Re: terminology question

>>> Nope, that's backwards.  Each possible entity from a resource is
>>> a "representation" of that resource at the time the message originated.
>
>The best way to think of an entity, in my opinion, is to consider it
>to be a _copy_ of a representation which was made at some time.  A
>representation exists internally in a server.  An entity exists in a
>HTTP response (or request).

The representation is the information you get when the entity is
extracted from the HTTP message -- it is the data transferred, not
the internal machine representation on the server.

>>> A representation is a variant if, at origination time, the set of
>>> possible representations has a membership greater than one.
>
>No, this is not how the 1.1 spec defines it.  I would say that in 1.1,
>'representation' and 'variant' are synonymous terms.  A cut-and-paste
>of the definition:
>
>   variant
>      A resource may have one, or more than one, representation(s)
>      associated with it at any given instant.
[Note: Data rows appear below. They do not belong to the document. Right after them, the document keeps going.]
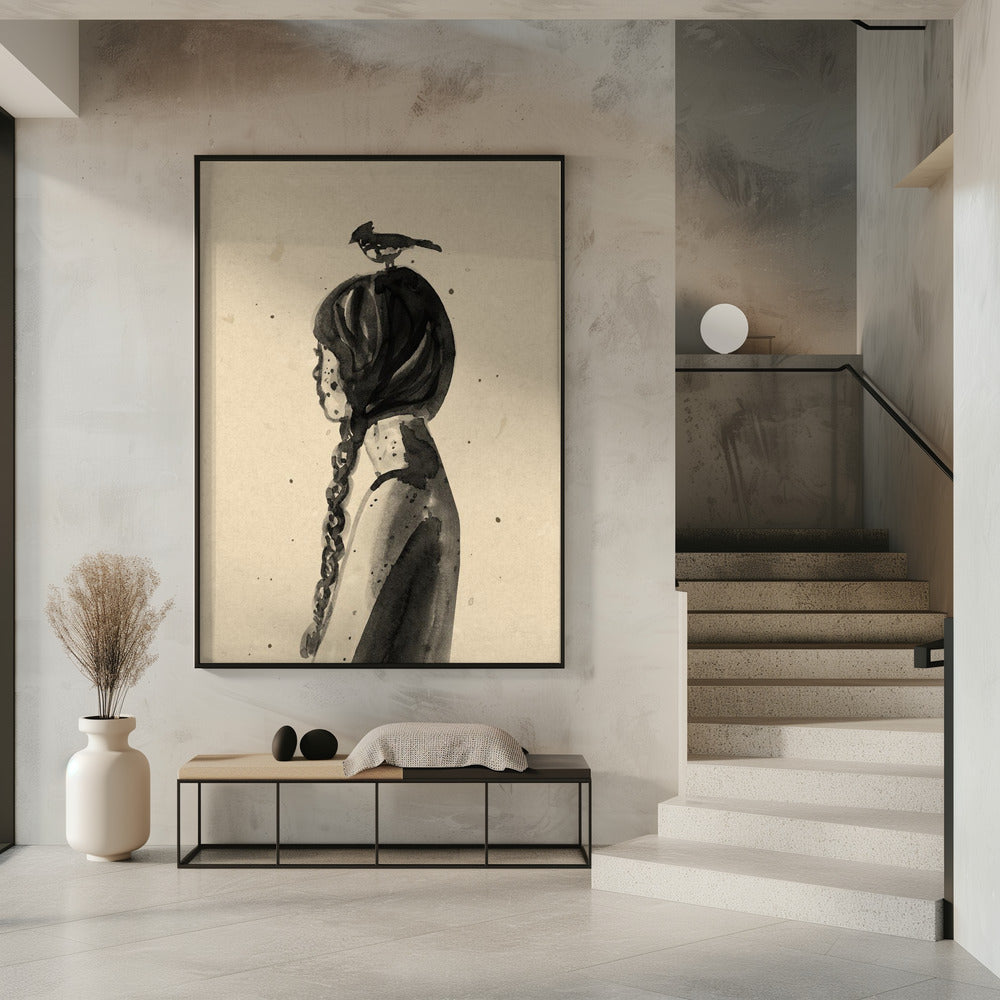 Mädchen mit Vogel | Poster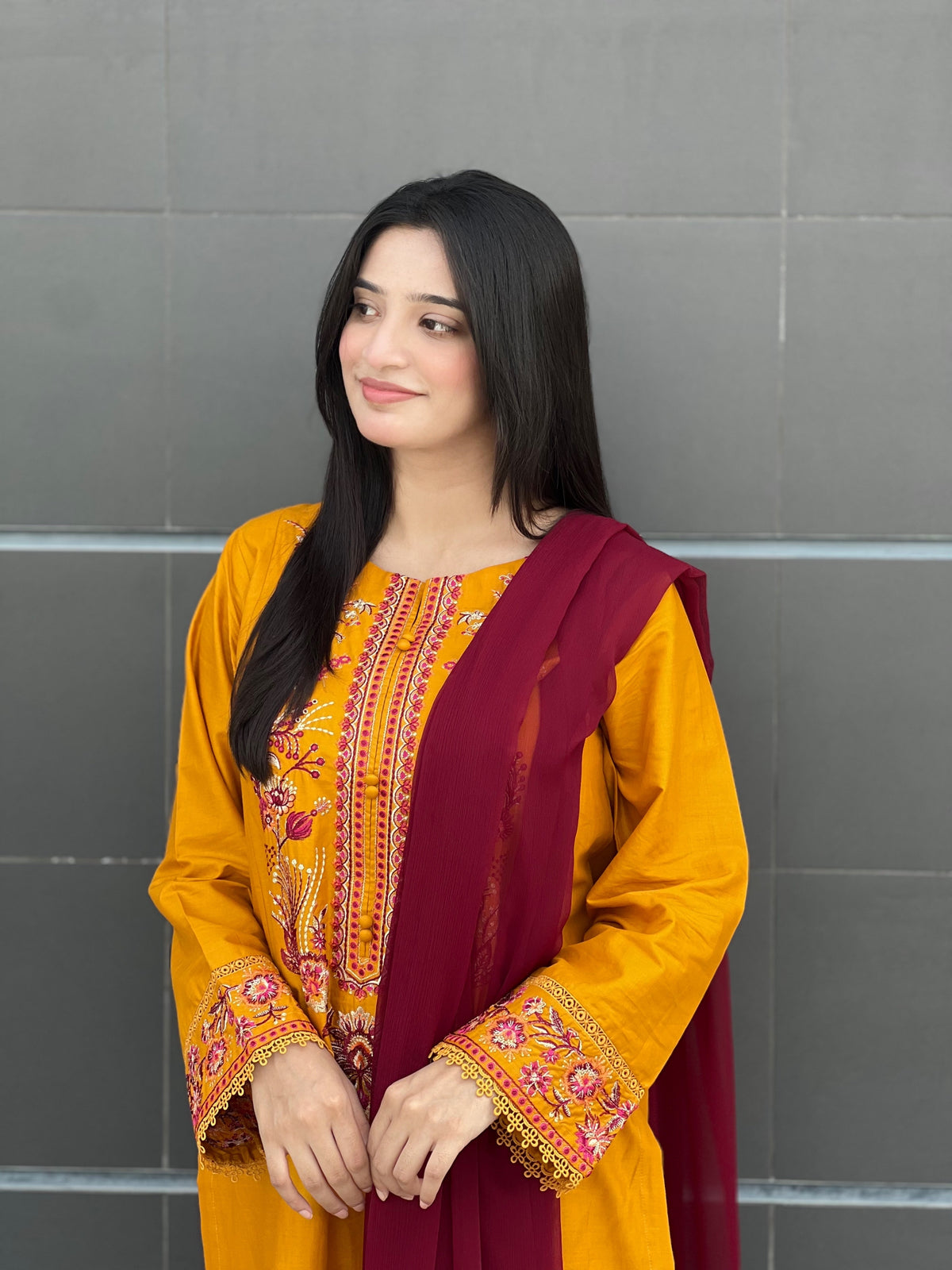 Musted  Embroidered 3-Piece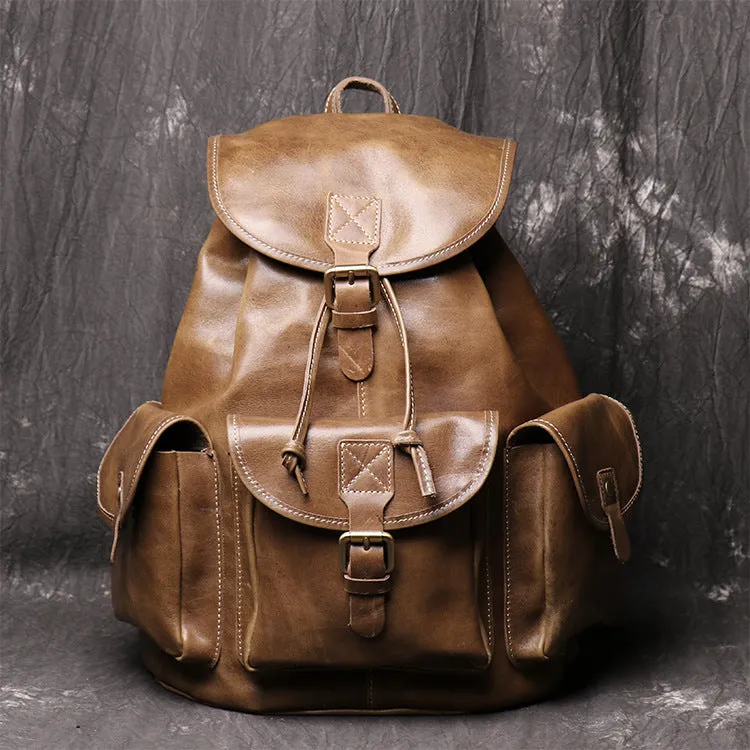 Women crazy horse leather backpack oval shape black brown drawstring buckle flap pockets first layer cowhide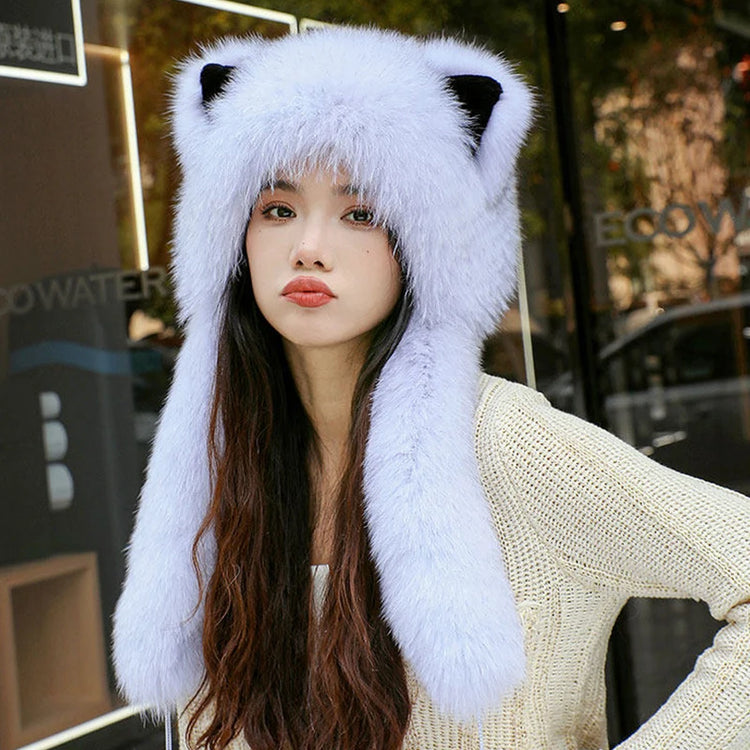 Women's Winter Hats Fox Fur Flight Hats Ushanka Hats For Women Winter Outdoor Windproof And Warm Plush Outdoor Hats For Skiing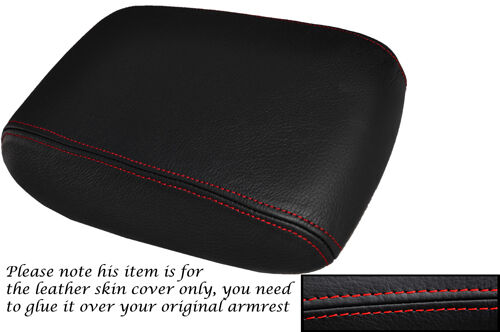RED STITCH LEATHER SKIN ARMREST COVER FITS SUBARU FORESTER 2008-2013 CUSTOM NEW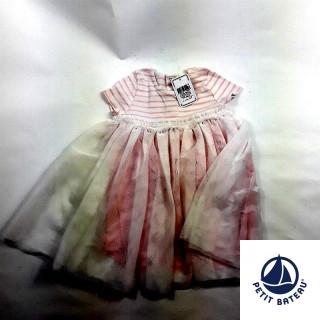 Robe MC rayé blanc et rose jupe en tulle rose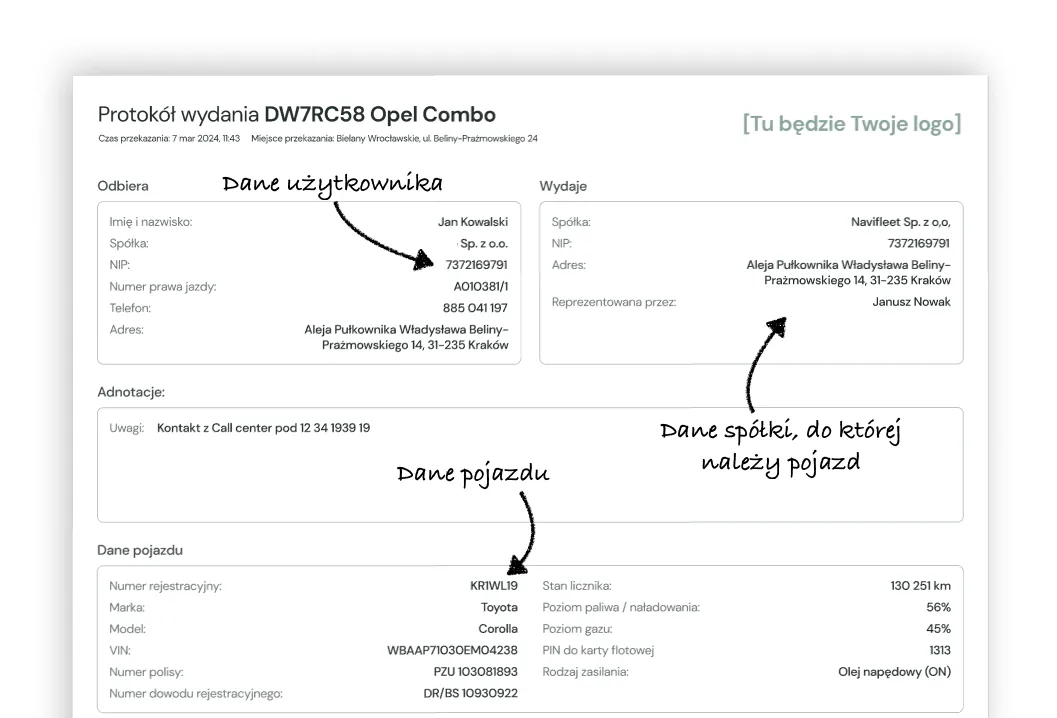 Why do we require the vehicle to be linked to a company? – screenshot of the Navifleet app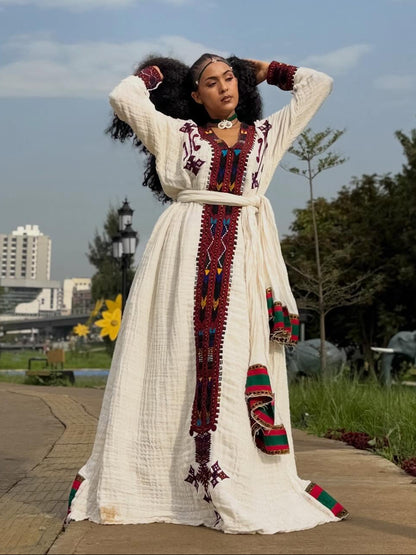 Vintage Habesha Kemis Crimson Maroon Tilf Embroidery Habesha Dress Timeless Ethiopian Clothing 1000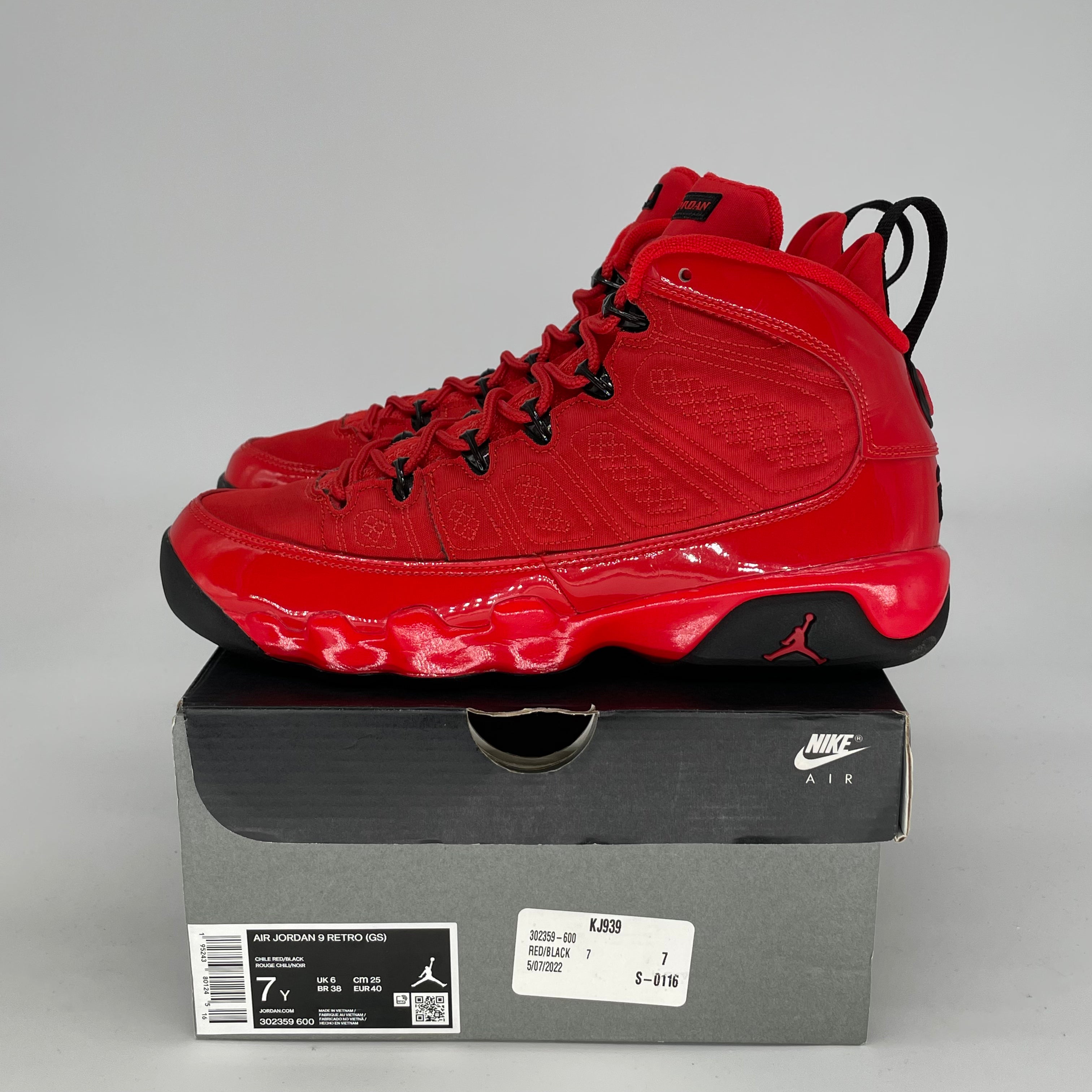 AIR JORDAN 9 CHILE RED SIZE 7/8.5W 302359-600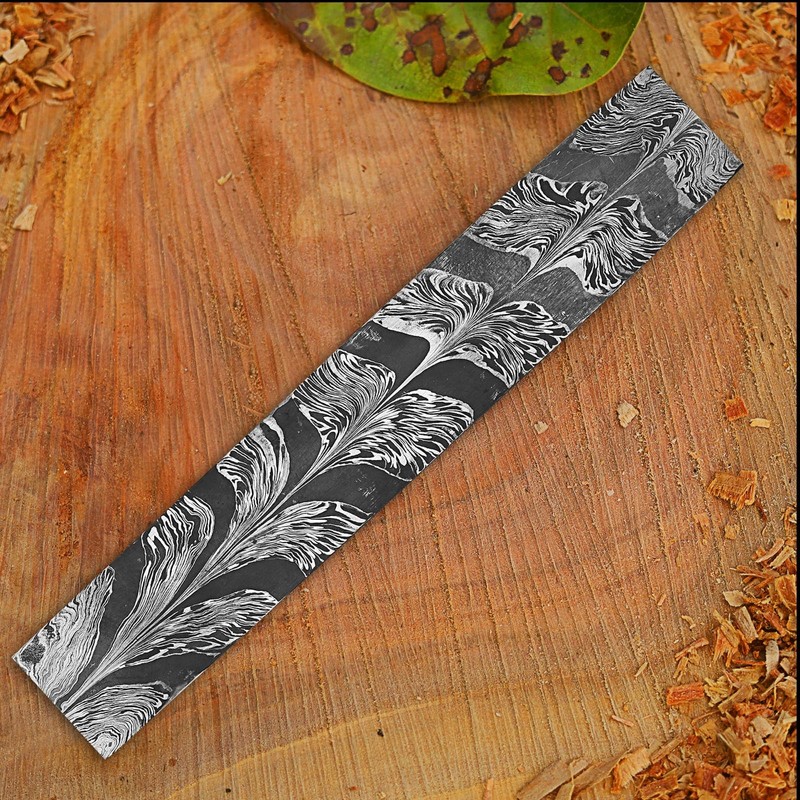 Nesmo 524 Damascus Steel Blank Billet Black Feather Patern Bar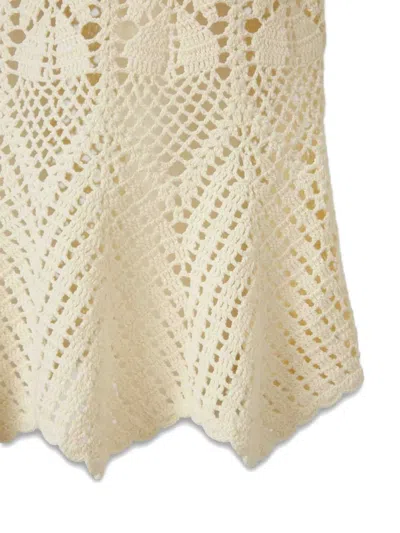 Zimmermann Awaken Lace Crochet Midi Skirt In Cream In White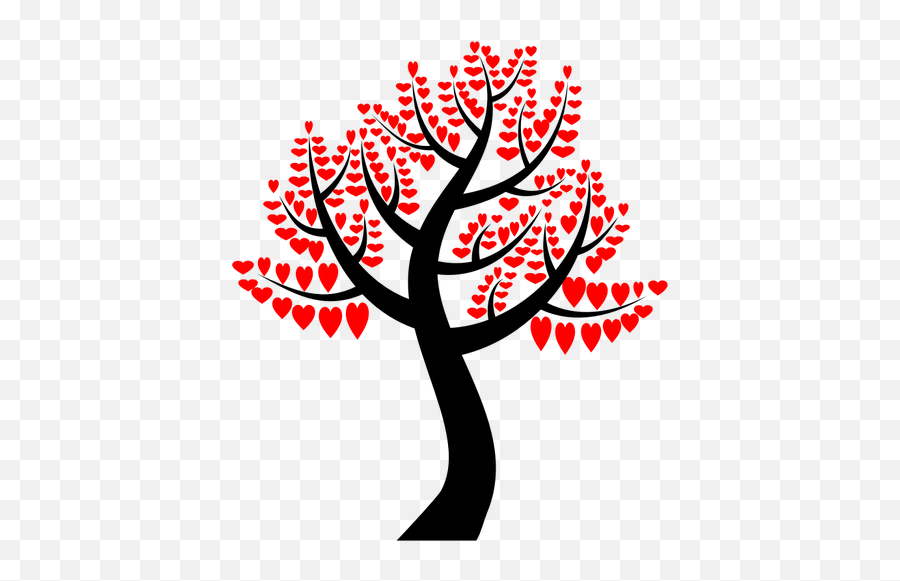Red Hearts Tree Free Svg - Colorful Tree Clipart Png,Red Tree Png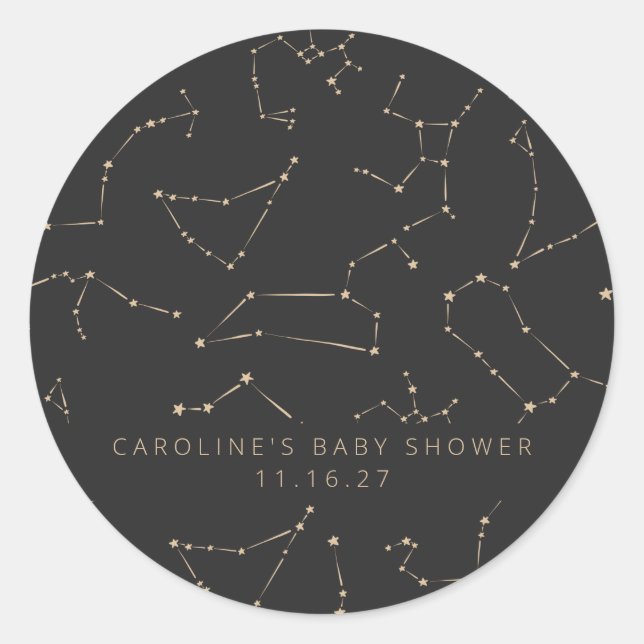 Sticker Rond Constellations Stars Black Gold Baby shower person (Devant)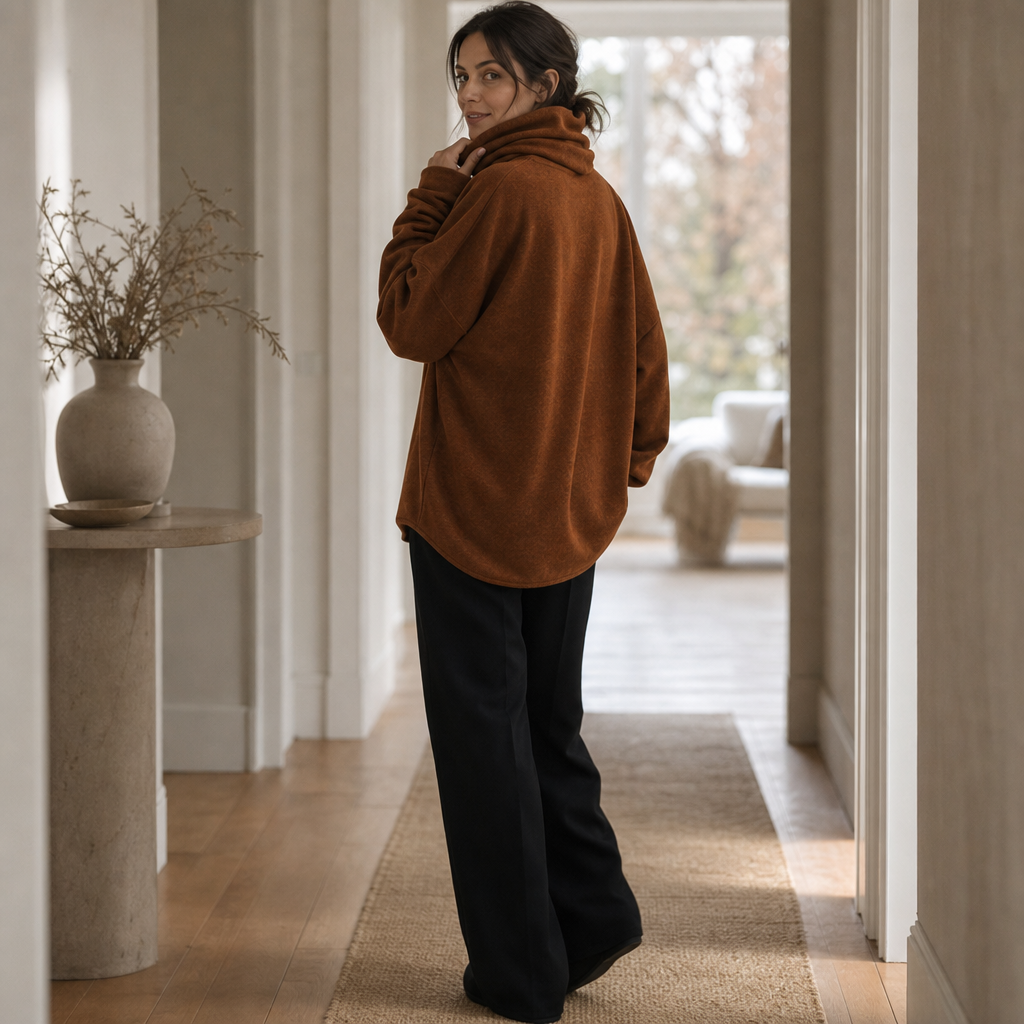 Cowlmara – Brushed Cowl-Neck Oversized Pullover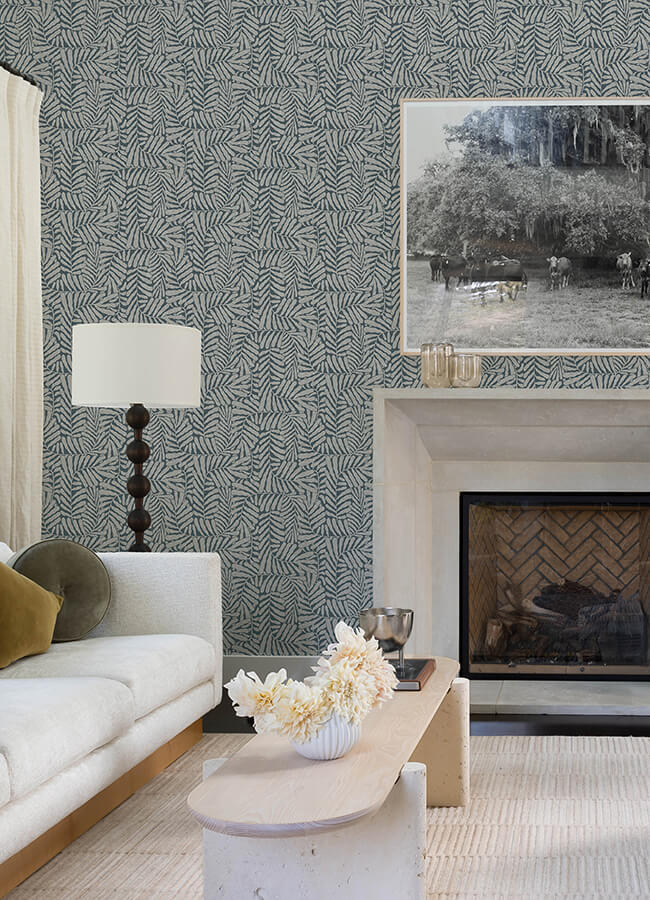 gabriel-teal-fern-wallpaper-york-wallcoverings-4155-27312 - York Wallcoverings Wallpaper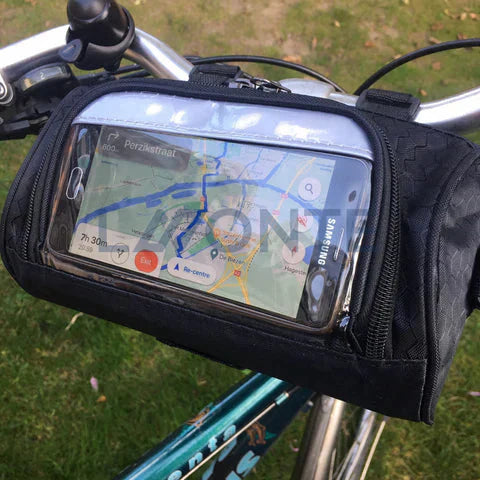 Moderne Fahrrad-Lenkertasche für einfache Smartphone-Nutzung und sichere Aufbewahrung beim Radfahren.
Each of these
>      representations is termed a `variant.' Use of the term `variant'
>      does not necessarily imply that the resource is subject to
>      content negotiation.
>
>All this means that the term 'variant' is not very useful when
>defining details of content negotiation.

No, it means the definition in the spec is wrong, as I said a couple
hundred times in our teleconferences.  You cannot make a wrong thing right
just because I was outvoted.  These are terms defined by the architectural
model of the Web, not defined by HTTP.